Folk singer Kate McGarrigle left a deep musical legacy both in recordings with her older sister Anna McGarrigle and in her two children, singer-songwriters Rufus Wainwright and Martha Wainwright.
Kate and Anna McGarrigle were revered for their heavenly harmonies and sensitive love songs, made famous by the likes of Linda Ronstadt and Maria Muldaur. Lavish praise greeted the Montreal duo's arrival in the mid-1970s, with the British and American press citing the intimacy of their voices and honesty of their songs.
Kate McGarrigle grew up bilingual, but, in many ways, music was her first language. Born the youngest of three sisters to an entrepreneurial Irish-Canadian father and a Québécois mother, she and her siblings were raised in St. Sauveur des Monts, an hour north of Montreal. Frank and Gabrielle (Gaby) McGarrigle (née Latrémouille) led regular singing sessions at home and their daughters gained parental approval for how well they sang harmony.
The music that the girls were exposed to was eclectic and some would say old-fashioned.
“Our father was born in the 19th century,” Kate once explained. “A lot of our friends' parents were bobby soxers, but we never had that forties, Frank Sinatra, Italian jazzy music. I guess we had everything else – classical, Stephen Foster, old show tunes, Bing Crosby, French folk songs from our mother.”
Music extended from the family parlour to the Roman Catholic village school, where Kate and Anna took piano lessons from nuns and found that songs often transcended language barriers in the playground.
“At recess,” Kate once recalled, “we would play games and rounds and sing different songs in French. For us, it was easier than sitting and having a conversation about dolls and things. The moment you got into singing, it fortified your personality in the schoolyard and the classroom.”
By the early sixties, the sisters had become aware of the new folk music coming from coffeehouses in New York and Montreal.
At 16, Kate asked for a mandolin at Christmas and threw a tantrum when she and Anna received wristwatches instead. Even Western, steel-string guitars failed to mollify Kate, until Anna suggested they trade them in at the local pawnshop for two Spanish, nylon-string guitars. Suitably armed, the McGarrigle sisters launched themselves as budding folk singers. Influenced by Pete Seeger and the Weavers, Kate and Anna joined Jack Nissenson and Peter Weldon in a group called the Mountain City Four, which performed in Montreal coffeehouses such as the legendary Café Finjan. Commercial success first came to the McGarrigles through recordings of their songs by others, including Ms. Ronstadt, who named her breakout 1974 album after Anna's Heart Like a Wheel .

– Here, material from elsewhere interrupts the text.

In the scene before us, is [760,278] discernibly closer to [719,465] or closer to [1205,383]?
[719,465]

Despite their physical resemblance, the two McGarrigle sisters had telling differences.
Anna was a romantic, while Kate was more down to earth. Those qualities were reflected in their education paths: While Anna attended L'École des Beaux-Arts, Kate studied math and engineering at McGill University, eventually earning a bachelor of science in 1969. That year, Kate teamed up with musician friend Roma Baran and started touring the northeastern United States folk circuit.
While in Greenwich Village at the Gaslight, Kate met Loudon Wainwright III, the sardonic folk-singing son of Life magazine editor Loudon Wainwright Jr. He was instantly smitten.

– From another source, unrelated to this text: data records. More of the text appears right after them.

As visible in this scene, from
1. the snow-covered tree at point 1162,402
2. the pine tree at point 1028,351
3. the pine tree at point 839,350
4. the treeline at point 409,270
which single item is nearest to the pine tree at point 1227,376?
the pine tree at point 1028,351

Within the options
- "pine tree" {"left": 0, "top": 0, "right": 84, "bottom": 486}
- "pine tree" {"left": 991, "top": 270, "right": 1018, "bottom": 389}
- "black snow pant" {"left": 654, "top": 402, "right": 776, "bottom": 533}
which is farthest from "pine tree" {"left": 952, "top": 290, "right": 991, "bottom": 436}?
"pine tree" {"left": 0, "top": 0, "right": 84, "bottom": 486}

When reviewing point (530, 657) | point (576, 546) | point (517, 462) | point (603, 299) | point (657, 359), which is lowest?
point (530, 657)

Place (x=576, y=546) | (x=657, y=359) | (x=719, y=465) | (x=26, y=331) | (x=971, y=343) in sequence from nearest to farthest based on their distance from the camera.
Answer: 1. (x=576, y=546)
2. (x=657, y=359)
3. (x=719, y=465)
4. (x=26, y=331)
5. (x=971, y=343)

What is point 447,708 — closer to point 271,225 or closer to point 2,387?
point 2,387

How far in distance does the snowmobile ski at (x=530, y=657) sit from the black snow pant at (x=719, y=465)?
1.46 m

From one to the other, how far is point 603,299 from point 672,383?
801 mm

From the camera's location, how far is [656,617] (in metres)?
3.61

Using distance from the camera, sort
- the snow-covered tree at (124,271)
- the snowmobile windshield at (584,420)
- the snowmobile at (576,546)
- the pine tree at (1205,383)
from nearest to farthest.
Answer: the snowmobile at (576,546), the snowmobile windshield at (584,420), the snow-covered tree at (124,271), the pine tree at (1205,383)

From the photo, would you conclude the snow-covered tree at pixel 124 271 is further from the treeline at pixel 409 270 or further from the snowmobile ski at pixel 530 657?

“I think every guy in the Village, they were all interested in Kate,” Mr. Wainwright told an interviewer. “She was very attractive. When you heard her sing and play, you were knocked out. She was a wild and crazy swingin' folk chick.”

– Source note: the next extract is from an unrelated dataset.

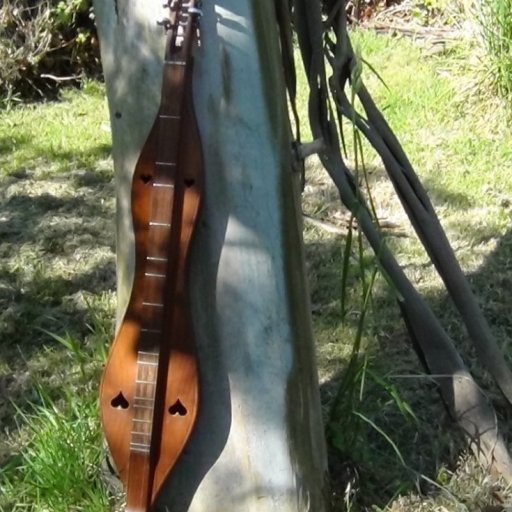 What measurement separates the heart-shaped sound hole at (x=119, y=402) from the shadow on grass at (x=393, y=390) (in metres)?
0.79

By 1973, Kate and Loudon were married and baby Rufus was born. Martha followed three years later, but the marriage was already on the rocks. “There was a lot of animosity,” Kate later recalled, who by this time had partnered with Anna. “[Loudon] was at a point in his career when he was frustrated, while my sister and I had made a record that was being touted as the best thing since sliced bread.”
Indeed, the sisters' 1975 self-titled debut, Kate and Anna McGarrigle , featuring songs like Kate's wistful ode to homesickness, Talk to Me of Mendocino , and her deeply melancholic response to Loudon's infidelity, Go Leave , earned rave reviews in Rolling Stone, The New York Times and New Musical Express. England's Melody Maker wrote: “These are amongst the very best voices – Anna's, lilting and airy, Kate's deep and fiercer – to be heard in popular music today.”